* **What to do**: Return the entries in full, exactly as they were written.

[[ Recorded data open ]]

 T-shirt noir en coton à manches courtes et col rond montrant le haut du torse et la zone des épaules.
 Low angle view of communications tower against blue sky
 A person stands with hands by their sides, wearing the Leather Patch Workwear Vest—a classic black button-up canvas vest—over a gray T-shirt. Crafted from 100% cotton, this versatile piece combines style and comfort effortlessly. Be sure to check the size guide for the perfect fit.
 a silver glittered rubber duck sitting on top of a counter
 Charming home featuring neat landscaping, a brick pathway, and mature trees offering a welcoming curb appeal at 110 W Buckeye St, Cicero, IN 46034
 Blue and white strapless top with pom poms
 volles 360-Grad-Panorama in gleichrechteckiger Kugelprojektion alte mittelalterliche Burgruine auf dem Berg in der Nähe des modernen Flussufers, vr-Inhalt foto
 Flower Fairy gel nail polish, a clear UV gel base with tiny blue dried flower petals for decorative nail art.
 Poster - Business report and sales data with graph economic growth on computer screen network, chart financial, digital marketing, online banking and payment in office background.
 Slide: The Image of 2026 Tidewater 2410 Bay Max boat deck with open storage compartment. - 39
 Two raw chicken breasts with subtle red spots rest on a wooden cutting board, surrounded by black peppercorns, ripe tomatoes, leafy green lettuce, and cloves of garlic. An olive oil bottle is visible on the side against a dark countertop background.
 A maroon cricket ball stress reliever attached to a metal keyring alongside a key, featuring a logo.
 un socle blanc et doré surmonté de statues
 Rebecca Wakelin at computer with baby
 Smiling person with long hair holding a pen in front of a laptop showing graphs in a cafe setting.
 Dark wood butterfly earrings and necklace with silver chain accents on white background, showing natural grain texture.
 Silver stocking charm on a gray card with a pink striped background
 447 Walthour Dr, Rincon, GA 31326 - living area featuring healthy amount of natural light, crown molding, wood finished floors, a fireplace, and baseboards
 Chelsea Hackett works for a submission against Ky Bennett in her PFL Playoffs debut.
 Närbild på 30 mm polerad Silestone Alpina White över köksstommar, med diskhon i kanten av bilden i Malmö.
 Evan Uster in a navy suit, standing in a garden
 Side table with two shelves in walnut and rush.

[[ Recorded data closed ]]

* **Solution to this exercise**:
 T-shirt noir en coton à manches courtes et col rond montrant le haut du torse et la zone des épaules.
 Low angle view of communications tower against blue sky
 A person stands with hands by their sides, wearing the Leather Patch Workwear Vest—a classic black button-up canvas vest—over a gray T-shirt. Crafted from 100% cotton, this versatile piece combines style and comfort effortlessly. Be sure to check the size guide for the perfect fit.
 a silver glittered rubber duck sitting on top of a counter
 Charming home featuring neat landscaping, a brick pathway, and mature trees offering a welcoming curb appeal at 110 W Buckeye St, Cicero, IN 46034
 Blue and white strapless top with pom poms
 volles 360-Grad-Panorama in gleichrechteckiger Kugelprojektion alte mittelalterliche Burgruine auf dem Berg in der Nähe des modernen Flussufers, vr-Inhalt foto
 Flower Fairy gel nail polish, a clear UV gel base with tiny blue dried flower petals for decorative nail art.
 Poster - Business report and sales data with graph economic growth on computer screen network, chart financial, digital marketing, online banking and payment in office background.
 Slide: The Image of 2026 Tidewater 2410 Bay Max boat deck with open storage compartment. - 39
 Two raw chicken breasts with subtle red spots rest on a wooden cutting board, surrounded by black peppercorns, ripe tomatoes, leafy green lettuce, and cloves of garlic. An olive oil bottle is visible on the side against a dark countertop background.
 A maroon cricket ball stress reliever attached to a metal keyring alongside a key, featuring a logo.
 un socle blanc et doré surmonté de statues
 Rebecca Wakelin at computer with baby
 Smiling person with long hair holding a pen in front of a laptop showing graphs in a cafe setting.
 Dark wood butterfly earrings and necklace with silver chain accents on white background, showing natural grain texture.
 Silver stocking charm on a gray card with a pink striped background
 447 Walthour Dr, Rincon, GA 31326 - living area featuring healthy amount of natural light, crown molding, wood finished floors, a fireplace, and baseboards
 Chelsea Hackett works for a submission against Ky Bennett in her PFL Playoffs debut.
 Närbild på 30 mm polerad Silestone Alpina White över köksstommar, med diskhon i kanten av bilden i Malmö.
 Evan Uster in a navy suit, standing in a garden
 Side table with two shelves in walnut and rush.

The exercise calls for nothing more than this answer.